Admit it. Siri is great if you don’t have a free hand to send a text or you need a quick answer to the question, “What is the capital of Vermont?” And with every new update to iOS, Apple continues to refine and expand Siri’s voice-recognition capabilities, in turn giving users a whole new set of reasons to love this slightly monotone, snark-enabled assistant. However, there’s been a few bumps along the way. In the past year, a pair of exploits were discovered in Siri’s security that allowed criminals to access personal information or remotely gain control of an iPhone’s functionality. Apple was quick to release updates for some of these issues, but it’s important for engaged smartphone users to understand how these incidents occurred so they can better protect themselves in the future. From Siri to Google Now, here is a brief synopsis of two recent voice-recognition-based security breaches.
As you probably know Siri is accessible through the lockscreen, which leaves hackers with a small window into your phone even if the front door is locked. The flaw was first discovered in iOS 6 by a 37-year-old-Spanish soldier named Jose Rodriguez who posted a YouTube clip of him bypassing the lockscreen to post on Facebook, view notes and access the phone’s call history. The video garnered a lot of attention, and by the time iOS 7 was released, a whole new wave of exploits were found that added up to one, simple conclusion: Siri just isn’t a very good gatekeeper. The good news is that these unwanted intrusions mostly fell under the category of prankster behavior. Unlike with a mobile wallet security breach, your private information still remained protected as long as your lockscreen had a passcode. Still, users have questions as to why Apple would have a default setting that allowed for this kind of incident — one that is still present in the latest update. For now, the burden of protection is on us. The only way to keep someone from accessing your personal information through Siri is to head to “Settings” and disable her lockscreen functionality. It’s a minor inconvenience that might save you some embarrassment down the road.

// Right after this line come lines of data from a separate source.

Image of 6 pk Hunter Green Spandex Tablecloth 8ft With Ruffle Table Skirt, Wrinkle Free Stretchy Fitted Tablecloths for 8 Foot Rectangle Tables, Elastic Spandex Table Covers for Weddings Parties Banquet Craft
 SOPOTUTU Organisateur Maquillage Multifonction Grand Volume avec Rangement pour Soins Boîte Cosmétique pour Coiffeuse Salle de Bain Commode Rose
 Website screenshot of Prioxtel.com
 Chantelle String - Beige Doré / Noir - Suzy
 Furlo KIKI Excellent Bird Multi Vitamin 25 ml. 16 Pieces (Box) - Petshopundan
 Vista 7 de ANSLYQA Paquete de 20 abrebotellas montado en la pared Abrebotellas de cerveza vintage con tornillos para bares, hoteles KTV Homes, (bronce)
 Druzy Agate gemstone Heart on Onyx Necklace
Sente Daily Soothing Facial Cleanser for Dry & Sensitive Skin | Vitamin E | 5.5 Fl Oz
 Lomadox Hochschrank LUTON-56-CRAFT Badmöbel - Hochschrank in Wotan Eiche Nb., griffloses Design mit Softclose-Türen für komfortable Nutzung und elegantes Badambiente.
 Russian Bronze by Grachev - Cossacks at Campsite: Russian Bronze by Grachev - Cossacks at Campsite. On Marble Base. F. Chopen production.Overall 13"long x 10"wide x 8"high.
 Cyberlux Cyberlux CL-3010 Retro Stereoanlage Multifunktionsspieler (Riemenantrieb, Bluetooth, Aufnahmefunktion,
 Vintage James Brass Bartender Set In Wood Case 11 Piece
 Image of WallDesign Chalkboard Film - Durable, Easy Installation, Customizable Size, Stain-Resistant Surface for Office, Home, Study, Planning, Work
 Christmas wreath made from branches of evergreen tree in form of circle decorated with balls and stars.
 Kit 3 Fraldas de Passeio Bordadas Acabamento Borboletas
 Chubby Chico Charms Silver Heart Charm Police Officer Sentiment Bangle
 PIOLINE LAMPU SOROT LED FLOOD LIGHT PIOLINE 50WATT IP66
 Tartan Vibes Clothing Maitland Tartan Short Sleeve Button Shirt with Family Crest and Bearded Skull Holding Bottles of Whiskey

The latest voice-recognition security fumble affects both Siri and her Android counterpart, Google Now. As Wired reports, it was discovered by a research team at ANSSI, an agency that handles information security for the French government. It’s almost too clever to be true. They discovered that hackers could potentially trigger voice commands from up to 16 feet away as long a microphone-enabled pair of headphones was attached to the device. The hack uses the headphone cord as an antenna to transmit electromagnetic waves that are understood by Siri to be voice commands. If the phone’s owner leaves it unlocked and unattended, a hacker could remotely dial their own number and use the phone as an eavesdropping device. They could even manipulate the browser or email application to download and send malware or spam, or phish for personal data. In a crowded location like a stadium or airport, this exploit has the potential to affect several users with one attack. Although it hasn’t been remedied with a software update from either Apple or Google, you can take steps to protect your phone in the meantime. Never leave headphones plugged into your phone when you aren’t using it, and disable voice recognition services when the phone is locked.